Le condotte illecite lesive del c.d. “made in Italy” hanno ad oggetto la falsificazione dei dati relativi all’origine e/o alla provenienza dei beni da intendersi, secondo i più recenti orientamenti della lavorazione riferibili rispettivamente al “luogo geografico di produzione” e al “luogo di lavorazione del prodotto”.
L’origine e la provenienza dei beni, naturalmente, sono strettamente legati alla qualità dei prodotti, nel senso che, da un punto di vista patologico, risulta senz’altro appetibile abbinare indebitamente l’etichetta “italiana” a merci di origine/provenienza diversa, stante l’insito valore riconosciuto alle filiere produttive nazionali.
Giova precisare che la delicata materia della tutela delle indicazioni di origine o qualità delle merci ha assunto un crescente rilievo a livello nazionale ed europeo, anche in ragione della massiccia diffusione di forme di delocalizzazione imprenditoriale che hanno comportato il trasferimento di parte o talvolta, di interi cicli produttivi in paesi terzi.
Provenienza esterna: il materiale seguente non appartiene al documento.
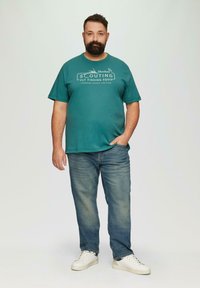 Tealowa bawełniana koszulka z białym nadrukiem, zestawiona z jasnoniebieskimi dżinsami i białymi trampkami. Prosty, luźny krój.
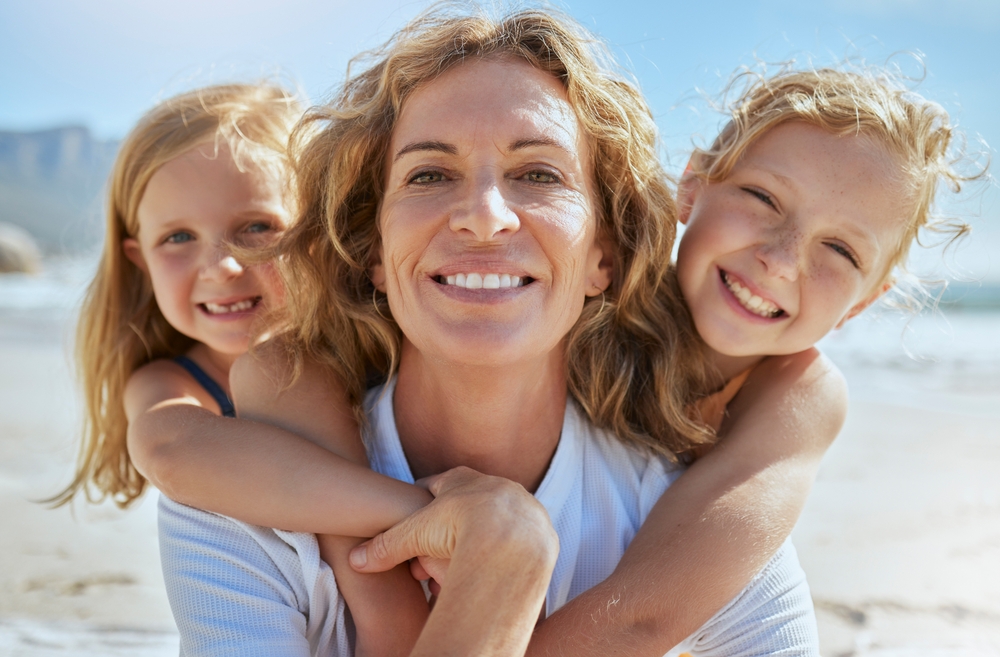 A mature woman with her children playing outside.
L’usurpazione delle indicazioni di origine o provenienza può interessare qualunque genere di prodotto, come la categoria del lusso: pensiamo ad esempio alle calzature delle “nostre famose” case di moda come Prada, Gucci, Valentino, Ferragamo, ecc.
La recentissima sentenza della Terza Sezione Penale della Corte di Cassazione del 3 maggio 2022, depositata il 21 giugno u.s. ha il pregio di mettere a fuoco ancora una volta l’importanza della rilevanza penale del concetto di “made in Italy” sui prodotti e merci non originari dall’Italia ai sensi della normativa europea sull’origine.
La sentenza fa buon governo dei richiamati principi di precedenti pronunce che hanno integrato le condotte punibili sulla base di:
- stampigliatura “made in Italy”;
- utilizzo di etichetta del tipo “100% made in Italy”, “100% Italia”, “tutto italiano” o “full made in Italy”;
- oppure mediante l’uso ingannevole del marchio aziendale.